━━ Record excerpts ━━
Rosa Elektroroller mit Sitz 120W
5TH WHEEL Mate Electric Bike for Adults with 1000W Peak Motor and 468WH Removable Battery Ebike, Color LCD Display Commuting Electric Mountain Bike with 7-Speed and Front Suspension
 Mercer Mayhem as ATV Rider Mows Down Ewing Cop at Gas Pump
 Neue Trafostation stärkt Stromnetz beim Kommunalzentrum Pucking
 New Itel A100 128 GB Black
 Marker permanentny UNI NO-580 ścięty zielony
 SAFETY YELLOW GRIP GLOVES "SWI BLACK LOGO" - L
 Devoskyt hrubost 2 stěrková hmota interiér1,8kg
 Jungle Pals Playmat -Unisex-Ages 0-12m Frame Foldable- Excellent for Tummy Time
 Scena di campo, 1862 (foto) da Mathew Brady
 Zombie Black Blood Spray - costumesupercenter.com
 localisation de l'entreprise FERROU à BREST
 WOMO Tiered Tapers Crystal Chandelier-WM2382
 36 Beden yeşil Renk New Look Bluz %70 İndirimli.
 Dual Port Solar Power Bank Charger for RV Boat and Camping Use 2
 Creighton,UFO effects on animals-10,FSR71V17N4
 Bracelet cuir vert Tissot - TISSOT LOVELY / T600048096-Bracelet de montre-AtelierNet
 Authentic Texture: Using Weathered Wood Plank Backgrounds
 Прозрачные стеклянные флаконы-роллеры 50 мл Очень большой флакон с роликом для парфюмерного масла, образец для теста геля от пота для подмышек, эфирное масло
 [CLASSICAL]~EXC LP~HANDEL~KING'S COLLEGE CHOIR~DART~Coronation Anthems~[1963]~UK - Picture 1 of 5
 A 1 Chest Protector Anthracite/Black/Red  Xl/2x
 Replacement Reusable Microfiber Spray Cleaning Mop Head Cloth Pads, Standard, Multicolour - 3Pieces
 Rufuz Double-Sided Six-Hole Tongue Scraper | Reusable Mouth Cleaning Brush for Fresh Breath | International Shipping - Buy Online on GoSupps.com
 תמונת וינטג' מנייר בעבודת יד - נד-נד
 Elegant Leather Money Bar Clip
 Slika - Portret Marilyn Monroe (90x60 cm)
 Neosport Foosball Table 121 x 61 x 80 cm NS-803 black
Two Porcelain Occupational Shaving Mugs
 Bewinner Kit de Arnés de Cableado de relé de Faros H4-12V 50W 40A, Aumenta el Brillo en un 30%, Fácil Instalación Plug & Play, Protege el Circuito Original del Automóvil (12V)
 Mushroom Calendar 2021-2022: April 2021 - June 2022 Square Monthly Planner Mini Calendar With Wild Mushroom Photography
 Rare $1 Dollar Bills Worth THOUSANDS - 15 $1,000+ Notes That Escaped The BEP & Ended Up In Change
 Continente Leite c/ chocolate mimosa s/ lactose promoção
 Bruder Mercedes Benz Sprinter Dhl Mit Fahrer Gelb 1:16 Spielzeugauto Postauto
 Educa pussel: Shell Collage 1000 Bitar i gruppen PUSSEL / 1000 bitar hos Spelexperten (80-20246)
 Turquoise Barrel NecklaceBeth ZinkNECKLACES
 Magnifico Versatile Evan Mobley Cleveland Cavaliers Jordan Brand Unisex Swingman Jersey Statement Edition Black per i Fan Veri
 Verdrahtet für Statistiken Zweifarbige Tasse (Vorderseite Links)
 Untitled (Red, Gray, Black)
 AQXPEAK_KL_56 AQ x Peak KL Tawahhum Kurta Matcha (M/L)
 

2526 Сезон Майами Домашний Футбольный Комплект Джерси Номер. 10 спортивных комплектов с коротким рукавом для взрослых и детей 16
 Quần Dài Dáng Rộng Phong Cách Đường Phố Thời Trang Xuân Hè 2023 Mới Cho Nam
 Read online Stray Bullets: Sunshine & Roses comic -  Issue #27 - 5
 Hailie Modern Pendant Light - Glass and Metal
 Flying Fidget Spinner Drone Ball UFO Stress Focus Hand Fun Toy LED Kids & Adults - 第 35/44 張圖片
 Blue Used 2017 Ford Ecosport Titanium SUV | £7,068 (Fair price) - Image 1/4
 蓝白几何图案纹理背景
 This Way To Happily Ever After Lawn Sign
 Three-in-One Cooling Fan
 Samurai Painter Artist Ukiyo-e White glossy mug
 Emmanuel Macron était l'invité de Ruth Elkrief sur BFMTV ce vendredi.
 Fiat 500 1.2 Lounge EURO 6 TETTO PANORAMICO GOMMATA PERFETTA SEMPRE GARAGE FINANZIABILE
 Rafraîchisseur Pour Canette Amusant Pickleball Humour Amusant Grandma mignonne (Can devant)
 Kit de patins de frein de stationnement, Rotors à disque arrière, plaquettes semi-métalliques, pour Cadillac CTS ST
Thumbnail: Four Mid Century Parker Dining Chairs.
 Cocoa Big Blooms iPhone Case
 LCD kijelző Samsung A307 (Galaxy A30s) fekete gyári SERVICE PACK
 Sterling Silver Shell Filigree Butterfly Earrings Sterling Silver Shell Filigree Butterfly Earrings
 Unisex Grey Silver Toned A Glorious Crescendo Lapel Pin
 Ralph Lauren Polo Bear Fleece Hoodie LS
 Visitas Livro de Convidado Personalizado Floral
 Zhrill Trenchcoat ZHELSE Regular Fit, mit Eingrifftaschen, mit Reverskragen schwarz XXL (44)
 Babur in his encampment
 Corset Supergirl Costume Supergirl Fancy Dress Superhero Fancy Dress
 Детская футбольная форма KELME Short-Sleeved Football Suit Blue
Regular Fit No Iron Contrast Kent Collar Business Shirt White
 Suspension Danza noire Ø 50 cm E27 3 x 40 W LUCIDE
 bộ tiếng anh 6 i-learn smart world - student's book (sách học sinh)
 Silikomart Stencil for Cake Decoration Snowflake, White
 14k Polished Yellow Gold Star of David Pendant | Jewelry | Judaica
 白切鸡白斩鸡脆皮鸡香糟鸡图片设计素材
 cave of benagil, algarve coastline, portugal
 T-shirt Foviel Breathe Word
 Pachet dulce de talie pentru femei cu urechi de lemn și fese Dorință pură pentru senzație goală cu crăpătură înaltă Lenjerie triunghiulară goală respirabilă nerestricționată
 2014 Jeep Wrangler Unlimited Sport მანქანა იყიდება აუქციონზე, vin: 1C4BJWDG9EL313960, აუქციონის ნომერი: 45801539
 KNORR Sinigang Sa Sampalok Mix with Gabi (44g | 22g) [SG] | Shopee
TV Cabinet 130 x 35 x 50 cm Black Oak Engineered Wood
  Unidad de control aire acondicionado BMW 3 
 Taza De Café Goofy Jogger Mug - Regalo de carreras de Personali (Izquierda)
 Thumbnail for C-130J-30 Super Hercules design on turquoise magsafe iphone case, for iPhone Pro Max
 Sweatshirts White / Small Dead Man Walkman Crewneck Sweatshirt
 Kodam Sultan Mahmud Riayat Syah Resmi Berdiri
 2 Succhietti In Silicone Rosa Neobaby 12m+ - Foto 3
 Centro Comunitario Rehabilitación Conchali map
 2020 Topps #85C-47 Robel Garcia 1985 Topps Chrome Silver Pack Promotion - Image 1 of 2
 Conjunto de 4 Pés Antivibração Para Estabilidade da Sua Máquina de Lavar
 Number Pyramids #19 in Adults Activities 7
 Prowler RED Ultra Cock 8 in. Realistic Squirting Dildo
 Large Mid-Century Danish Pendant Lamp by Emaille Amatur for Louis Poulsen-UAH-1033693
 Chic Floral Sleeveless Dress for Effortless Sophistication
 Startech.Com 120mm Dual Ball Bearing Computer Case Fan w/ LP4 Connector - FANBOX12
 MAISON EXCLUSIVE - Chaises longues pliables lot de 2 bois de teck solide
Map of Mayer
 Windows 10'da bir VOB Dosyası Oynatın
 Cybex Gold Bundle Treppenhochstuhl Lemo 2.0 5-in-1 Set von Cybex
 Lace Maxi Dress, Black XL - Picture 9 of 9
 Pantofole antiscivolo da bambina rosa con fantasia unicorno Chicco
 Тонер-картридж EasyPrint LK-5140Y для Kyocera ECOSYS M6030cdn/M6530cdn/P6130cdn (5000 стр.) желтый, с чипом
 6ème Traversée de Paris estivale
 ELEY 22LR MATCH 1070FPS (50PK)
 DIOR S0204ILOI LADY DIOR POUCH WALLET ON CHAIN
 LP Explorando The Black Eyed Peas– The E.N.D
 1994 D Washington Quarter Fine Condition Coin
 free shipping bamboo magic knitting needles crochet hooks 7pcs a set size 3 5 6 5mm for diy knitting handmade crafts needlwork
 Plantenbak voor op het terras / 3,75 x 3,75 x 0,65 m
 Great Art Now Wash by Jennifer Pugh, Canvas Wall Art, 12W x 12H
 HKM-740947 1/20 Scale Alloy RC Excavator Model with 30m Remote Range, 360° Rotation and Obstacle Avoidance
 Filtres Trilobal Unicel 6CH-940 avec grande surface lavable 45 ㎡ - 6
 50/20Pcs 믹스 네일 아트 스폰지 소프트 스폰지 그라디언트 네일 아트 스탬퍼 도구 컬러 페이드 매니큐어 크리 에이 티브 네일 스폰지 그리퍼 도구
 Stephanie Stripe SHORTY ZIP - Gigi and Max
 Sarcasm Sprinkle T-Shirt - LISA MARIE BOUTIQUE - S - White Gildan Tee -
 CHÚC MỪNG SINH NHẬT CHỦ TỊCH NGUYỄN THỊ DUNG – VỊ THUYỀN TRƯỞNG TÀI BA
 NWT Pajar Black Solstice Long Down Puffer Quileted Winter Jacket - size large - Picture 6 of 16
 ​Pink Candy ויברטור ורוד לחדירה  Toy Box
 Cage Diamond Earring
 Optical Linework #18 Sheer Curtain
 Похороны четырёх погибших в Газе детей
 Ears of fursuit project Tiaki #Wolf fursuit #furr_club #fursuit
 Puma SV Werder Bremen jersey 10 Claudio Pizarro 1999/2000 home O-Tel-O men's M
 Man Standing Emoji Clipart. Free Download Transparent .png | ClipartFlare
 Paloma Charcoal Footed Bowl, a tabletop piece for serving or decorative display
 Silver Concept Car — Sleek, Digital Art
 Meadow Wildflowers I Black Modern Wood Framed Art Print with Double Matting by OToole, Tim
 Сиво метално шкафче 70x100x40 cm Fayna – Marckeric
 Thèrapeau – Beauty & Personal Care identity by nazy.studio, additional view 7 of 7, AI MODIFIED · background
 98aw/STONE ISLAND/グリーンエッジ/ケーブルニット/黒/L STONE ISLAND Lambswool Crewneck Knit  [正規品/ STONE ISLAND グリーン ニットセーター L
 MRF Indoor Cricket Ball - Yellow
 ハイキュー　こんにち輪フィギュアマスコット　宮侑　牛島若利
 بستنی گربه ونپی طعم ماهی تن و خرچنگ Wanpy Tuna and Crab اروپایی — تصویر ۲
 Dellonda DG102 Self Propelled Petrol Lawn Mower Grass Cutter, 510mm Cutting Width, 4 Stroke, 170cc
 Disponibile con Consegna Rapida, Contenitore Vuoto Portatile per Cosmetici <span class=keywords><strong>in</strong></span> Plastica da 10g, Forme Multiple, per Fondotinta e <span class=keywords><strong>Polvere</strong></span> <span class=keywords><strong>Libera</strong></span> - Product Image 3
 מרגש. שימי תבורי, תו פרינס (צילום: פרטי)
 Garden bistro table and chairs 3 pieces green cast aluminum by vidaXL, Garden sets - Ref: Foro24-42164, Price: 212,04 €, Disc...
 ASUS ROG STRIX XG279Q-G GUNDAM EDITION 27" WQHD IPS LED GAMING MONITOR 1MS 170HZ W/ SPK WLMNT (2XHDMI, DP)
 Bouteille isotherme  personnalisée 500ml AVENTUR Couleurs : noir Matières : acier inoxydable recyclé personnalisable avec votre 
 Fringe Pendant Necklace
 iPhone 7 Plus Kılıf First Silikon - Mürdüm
━━━
*What you are asked to do:*
Extract exactly the leading lines of the data, stopping at and including the line with "Mercer Mayhem as".

*Worked solution:*
Rosa Elektroroller mit Sitz 120W
5TH WHEEL Mate Electric Bike for Adults with 1000W Peak Motor and 468WH Removable Battery Ebike, Color LCD Display Commuting Electric Mountain Bike with 7-Speed and Front Suspension
 Mercer Mayhem as ATV Rider Mows Down Ewing Cop at Gas Pump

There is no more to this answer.